Stars of Yesterday: Looking Back at Best Arkansas Derby Winners
I have history with the Southwest Stakes. I remember in 2009 when Old Fashioned won. I had singled Old Fashioned in the third leg of the Pick 4, and had survived the first two legs with some good-priced winners. After Old Fashioned came home an easy winner in the Southwest, my dad high fived me and said, “who do you have in the last leg?”
“All of ’em,” I replied.
“What do you mean all of ’em?” he asked.
“I got all of ’em. I got every damn horse.”
My dad looked down at the program. It was an 11-horse maiden special weight race with a ton of first-time starters.
“You wheeled it?” he asked incredulously.
“Hell, yeah.

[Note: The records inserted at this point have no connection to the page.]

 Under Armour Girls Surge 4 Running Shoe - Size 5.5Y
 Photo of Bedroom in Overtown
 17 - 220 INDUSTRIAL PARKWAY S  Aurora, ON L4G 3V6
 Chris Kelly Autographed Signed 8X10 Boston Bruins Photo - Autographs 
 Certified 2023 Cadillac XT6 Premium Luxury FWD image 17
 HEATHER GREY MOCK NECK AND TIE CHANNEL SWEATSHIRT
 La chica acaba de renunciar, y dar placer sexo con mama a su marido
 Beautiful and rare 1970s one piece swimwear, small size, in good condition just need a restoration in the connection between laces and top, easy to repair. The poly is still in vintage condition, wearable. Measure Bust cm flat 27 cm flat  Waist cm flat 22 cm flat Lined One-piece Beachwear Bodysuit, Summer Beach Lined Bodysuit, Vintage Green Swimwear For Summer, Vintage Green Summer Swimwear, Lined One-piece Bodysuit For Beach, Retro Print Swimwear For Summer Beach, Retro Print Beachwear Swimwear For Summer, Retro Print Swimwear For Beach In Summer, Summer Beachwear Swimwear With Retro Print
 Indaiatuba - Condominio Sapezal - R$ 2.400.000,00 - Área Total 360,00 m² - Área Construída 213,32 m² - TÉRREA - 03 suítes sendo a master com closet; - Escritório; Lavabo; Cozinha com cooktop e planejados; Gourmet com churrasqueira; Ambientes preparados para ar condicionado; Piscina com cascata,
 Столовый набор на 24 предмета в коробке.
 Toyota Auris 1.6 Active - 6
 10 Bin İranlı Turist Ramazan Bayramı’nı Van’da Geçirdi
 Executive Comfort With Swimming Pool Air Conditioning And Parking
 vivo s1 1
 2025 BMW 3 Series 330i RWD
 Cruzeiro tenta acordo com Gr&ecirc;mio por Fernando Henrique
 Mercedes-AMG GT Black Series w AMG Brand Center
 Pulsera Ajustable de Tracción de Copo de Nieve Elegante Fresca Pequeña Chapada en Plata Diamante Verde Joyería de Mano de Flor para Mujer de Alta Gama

I ain’t even trying to handicap that race.”
We laughed and waited for the will pays to come up. Some of them paid in the mid-five figures. We had ourselves a sweat. The best kind of sweat, too. Because this was the kind of sweat you can’t lose, but it’s a sweat nevertheless. We had a serious rooting interest in a number of these first time starters. My dad couldn’t believe it.
“All of ’em!” he chuckled to himself as we waited for the last race’s post time, the day’s losers already streaming out of the track on their way to the parking lot. “Only you would say you had all of ’em, David.”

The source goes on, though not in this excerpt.